The island of Foula has the second highest sea cliffs in the UK. Da Noup, in the south, is one of the island's five dramatic peaks.
The Islander Aircraft flies four times a week.  Flights take off and from Foula's airstrip to Tingwall Airport, Lerwick.
Owned since the turn of the 20th century by the Holbourn family, the island has some spectacular sceery and was the location for the film The Edge of the World
The island is home to a most traditional strain of the Shetland Sheep, famed for its legendary fine wool qualities.
Foula lies 20 miles to the west of the Shetland Islands. The New Advance ferry is manned by residents and operates three times a week; the crossing takes 2 hours 15 minutes.
The island was one of the last places where the Norn language was spoken, and the local dialect is strongly influenced by Old Norse.
Pictured: The electricity supply hut on Island of Foula.
Both Grey and Common Seals are commonly seen around the shore and can be watched at close quarters in the Voe.

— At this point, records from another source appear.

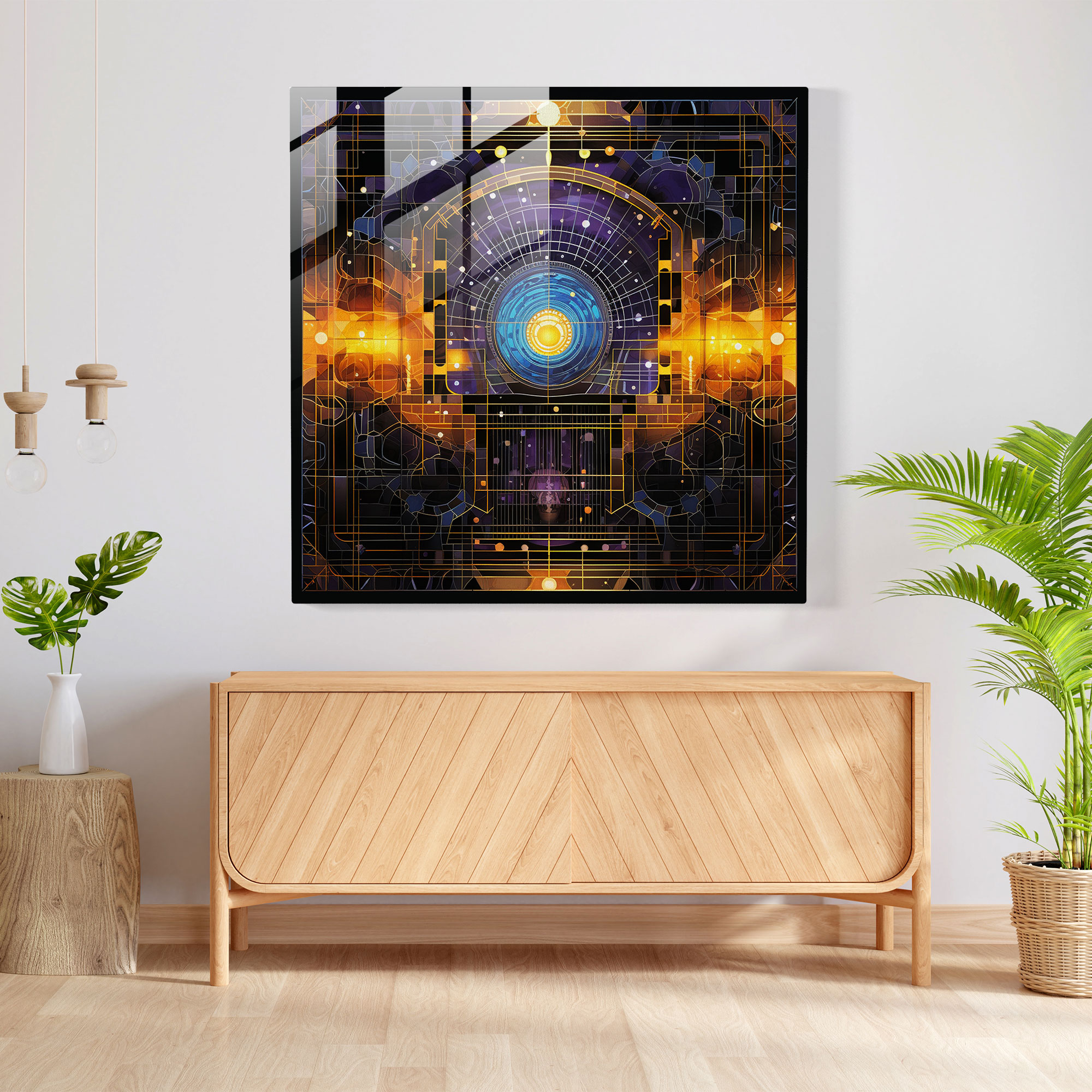 Kaaba Glass Wall Art - Stained Glass-Inspired Print - Kaaba, Glass Print, Islamic Art, Glass Wall Art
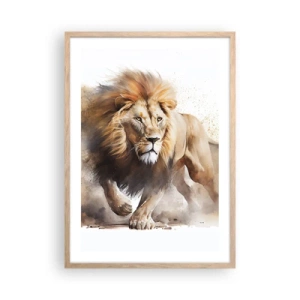 Poster in light oak frame - King is on the Move - 50x70 cm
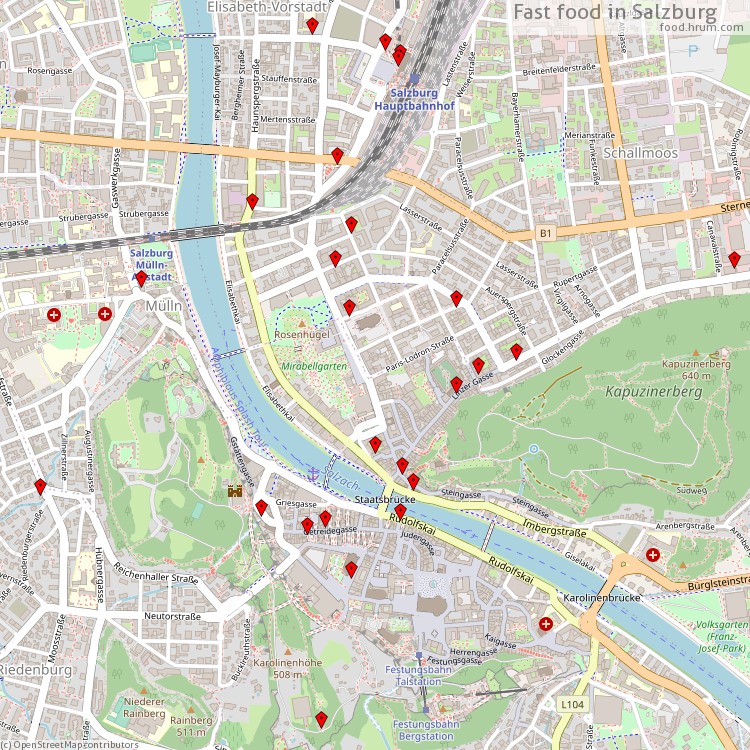 Fast food Salzburg - map of restaurants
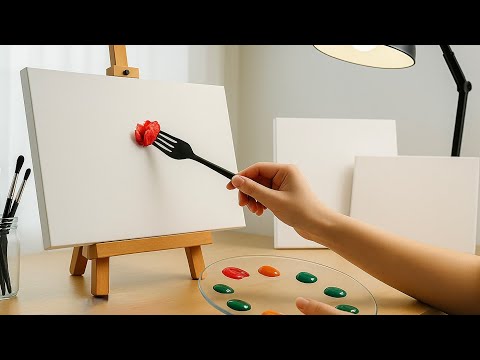 Видео: 3 простые идеи акриловой живописи с использованием подручных средств 🥄🍴📦 для начинающих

Schools of Killer Whales have been seen close inshore and Harbour Porpoises often follow the ferry.
Glaciers and the sea have carved some dramatic features in Foula's layered sandstone. Gaada Stack is a beautiful natural arch measuring 45m high.
The name Foula means 'Bird Island' in Old Norse: Foula is designated as a Special Protection Area for birds, as well as a National Scenic Area and a Site of Special Scientific Interest for its plants, birds and geology.